Data for the task:

☆ ☆ ☆ ☆ ☆ ☆ ☆

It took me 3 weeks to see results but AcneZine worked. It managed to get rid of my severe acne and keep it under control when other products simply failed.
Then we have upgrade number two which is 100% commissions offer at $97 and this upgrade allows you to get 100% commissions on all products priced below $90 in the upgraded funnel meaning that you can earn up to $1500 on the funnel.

☆ ☆ ☆ ☆ ☆ ☆ ☆

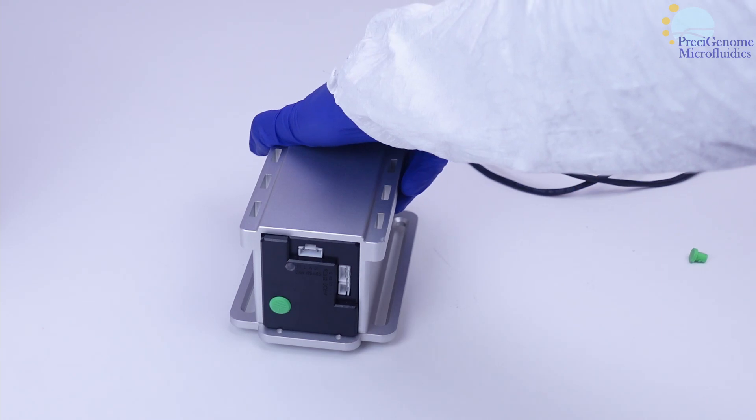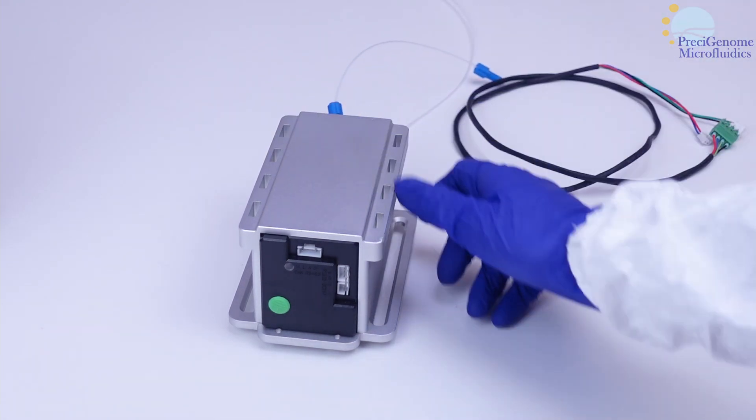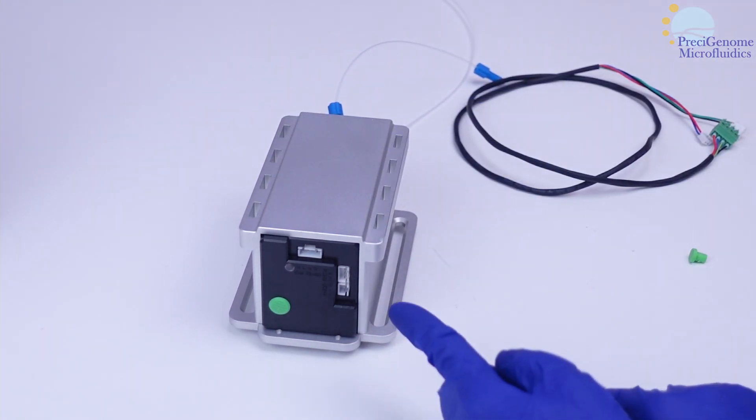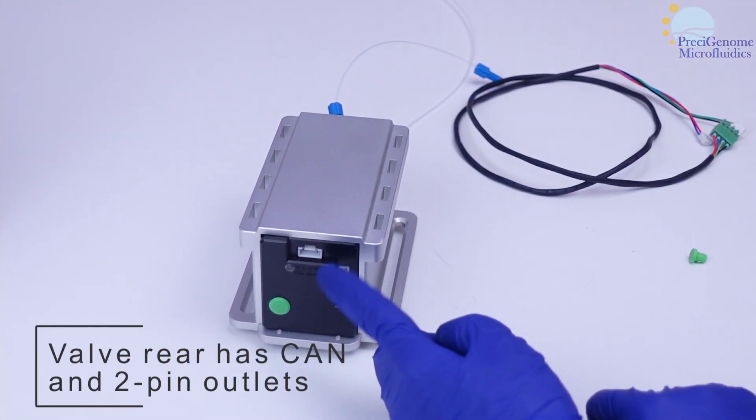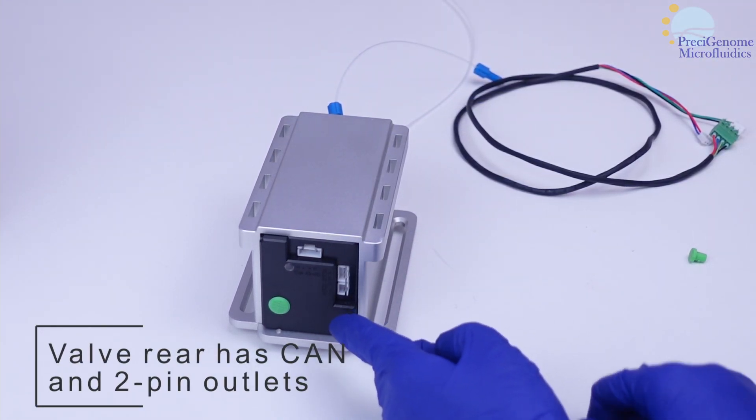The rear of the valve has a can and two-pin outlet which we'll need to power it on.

☆ ☆ ☆ ☆ ☆ ☆ ☆

What is required:
Above this instruction are the records; retype exactly the lines from the one containing "It took me 3" up to and including the one containing "Then we have".

Response for this exercise:
It took me 3 weeks to see results but AcneZine worked. It managed to get rid of my severe acne and keep it under control when other products simply failed.
Then we have upgrade number two which is 100% commissions offer at $97 and this upgrade allows you to get 100% commissions on all products priced below $90 in the upgraded funnel meaning that you can earn up to $1500 on the funnel.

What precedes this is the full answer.